Dio un paso hacia la puerta, pero luego se detuvo. Se giró hacia mí, y en ese segundo su expresión cambió. Era como si estuviera grabando mi rostro en su memoria, como si supiera que no debía olvidarlo.

—No salgas de aquí —ordenó, con voz firme.

—¿Qué estás diciendo? Cristian, ¿qué pasa?

No respondió. En lugar de eso, cruzó la sala con una rapidez imposible. El aire a su alrededor pareció vibrar. Por un instante creí que el suelo temblaba bajo mis pies.

—Cristian… —volví a llamarlo, pero ya estaba en la puerta.

Se detuvo solo un instante, con la luna recortando su figura. El brillo en sus ojos volvió, más nítido, más irreal.

—Nos volveremos a ver, Lisa. —Su voz fue un susurro que me erizó la piel—. Lo prometo.

Y entonces desapareció.

Literalmente.

No escuché pasos. No escuché la puerta abrirse. Solo el viento. Un parpadeo, y ya no estaba.

Corrí hasta el marco de la puerta, pero afuera solo había oscuridad. La luna seguía alta, inmensa, bañando el camino con su luz plateada. No se escuchaba nada más que el murmullo distante del bosque.

Me quedé ahí, temblando, sin saber si lo que acababa de pasar era real. Todo en mí gritaba que sí lo era.
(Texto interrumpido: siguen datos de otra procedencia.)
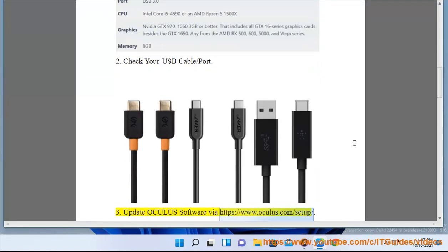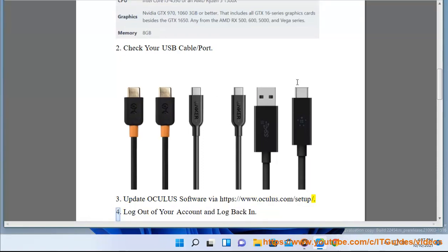Update Oculus software via https://www.oculus.com/setup. 4.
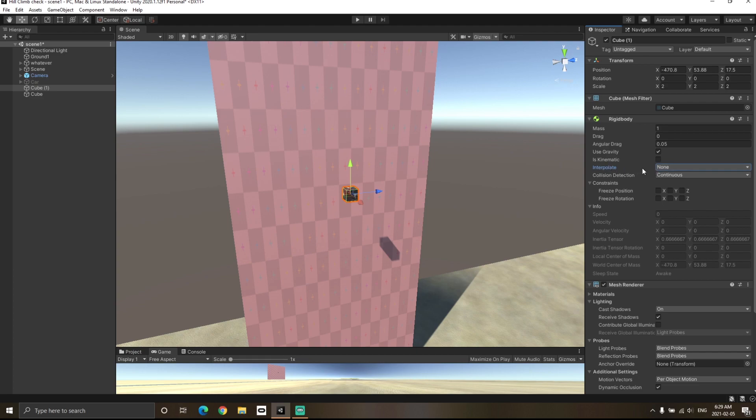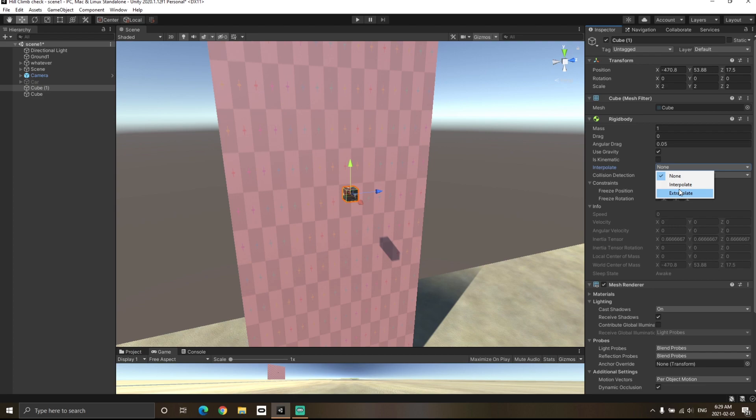So like I said in the previous video, Interpolate smoothens the position between the previous frame and the current frame in fixed time step, and Extrapolate smoothens the position between the current frame and tries to predict the position of the object in the next frame in the fixed time step.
El corazón me latía tan fuerte que dolía. Me llevé una mano al pecho y cerré los ojos. Su voz seguía resonando en mi mente, su mirada seguía ardiendo en mi memoria.

Pero lo que más me inquietaba era esa sensación… como si algo invisible me uniera a él, como si una parte de mí se hubiera ido junto con ese desconocido que había pronunciado mi nombre como si lo conociera desde siempre.

A lo lejos, un aullido rompió la quietud. Largo, grave, desgarrador.

Y supe, sin entender por qué, que era él.